Enseignement Supérieur et Chômage des Diplômés : « Le Tunisien Eduqué »
Alors que le marché international de l’emploi s’arrache les compétences, des dizaines de milliers parmi les diplômés issus du système universitaire tunisien se trouvent en chômage, pour la majorité, prolongé, sans perspectives d’emplois. La réforme du système universitaire constitue une priorité et ne peut attendre les échéances politiques. Il s’agit d’un travail qui peut être fait par des professionnels en la matière. Parents et nouveaux bacheliers subissent de nos jours le processus d’orientation universitaire utilisant les mêmes critères et procédés qui ont conduit le pays à la situation dans laquelle il se trouve. En l’absence d’actions urgentes et courageuses pour réformer le système, nous risquons de voir plusieurs «Bacheliers de la Révolution » subir le même sort que leurs prédécesseurs.
Enseignement Supérieur et Prospérité Economique
Nul ne doute que la prospérité économique constitue un pré requis au « droit au travail », à la dignité, à la cohésion sociale et au processus de démocratisation dans son ensemble. L’éducation est la meilleure voie à la réalisation de cet objectif. Dans ce contexte, le Prix Nobel d’Economie Paul Krugman affirme dans un de ses éditoriaux que « …si nous avions à résumer le succès économique de Etats-Unis d’Amérique par un seul mot, ce mot serait l’Education ». On peut affirmer que l’éducation et la formation professionnelle constituent un secteur stratégique de première importance pour la réalisation des objectifs de la révolution et pour un développement économique harmonieux et soutenu.
La Tunisie de l’ère de Bourguiba a misé sur le développement de son capital humain en favorisant les investissements dans l’éducation et l’émancipation de la femme. Cette stratégie s’est avérée fort payante puisqu’elle a permis au pays d’atteindre un revenu par habitant des plus élevés en Afrique.
Le régime Ben Ali a privilégié la quantité des diplômés au détriment de la qualité. Tous les bacheliers avaient le droit d’accès à l’université pour suivre des études en fonction des capacités existantes et non en fonction des besoins des entreprises. Il en est résulté près de 170 000 qui ont des diplômes sans valeur aucune sur le marché de l’emploi et qui sont voués au désespoir après un chômage prolongé. Cette situation a largement contribué au déclenchement de la révolution et pose un problème sérieux pour la stabilité du pays.

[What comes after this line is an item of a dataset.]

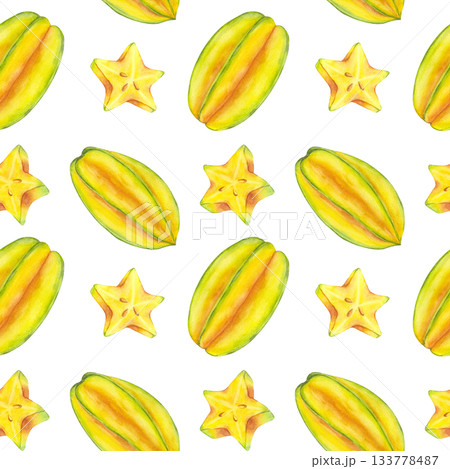 Seamless Pattern with Starfruit whole and slice yellow tropical fruit. Averrhoa carambola or Bilimbi. Botanical exotic star apple. Hand drawn watercolor illustration isolated on white background 133778487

A ce jour, les débats politiques dans le pays ont porté sur le type de sociétés et sur le régime politique à adopter. Les orientations en matière d’enseignement supérieur et les réformes à entreprendre pour mettre fin à l’attribution de diplômes sans les compétences y rattachées ne semblent pas être à l’ordre du jour des chantiers urgents et prioritaires.
Certes, il n’y a pas de bâton magique pour réformer un système universitaire en quelques mois. Toutefois, l’amorce d’une nouvelle vision d’un enseignement supérieur offrant des programmes orientés vers les besoins du marché et de nouvelles perspectives rassurantes est de nature à redonner confiance et espoir aux nouveaux bacheliers et à leurs parents.
Enseignement supérieur et chômage des diplômés
Concernant la problématique du chômage des jeunes parmi les diplômés, il y a lieu de reconnaître les efforts louables du Ministère de l’Emploi et de la Formation Professionnelle, du Ministère de Développement Régional, d’autres Départements ministériels, et de bon nombre d’initiatives émanant d’Association de la Société Civile pour créer de nouveaux emplois. Par ailleurs, l’offre de certains pays amis de recruter des tunisiens pour alléger le fardeau des diplômés en chômage est à saluer. Toutefois, il s’agit du recrutement de jeunes possédant les compétences recherchées par les employeurs du pays d’accueil.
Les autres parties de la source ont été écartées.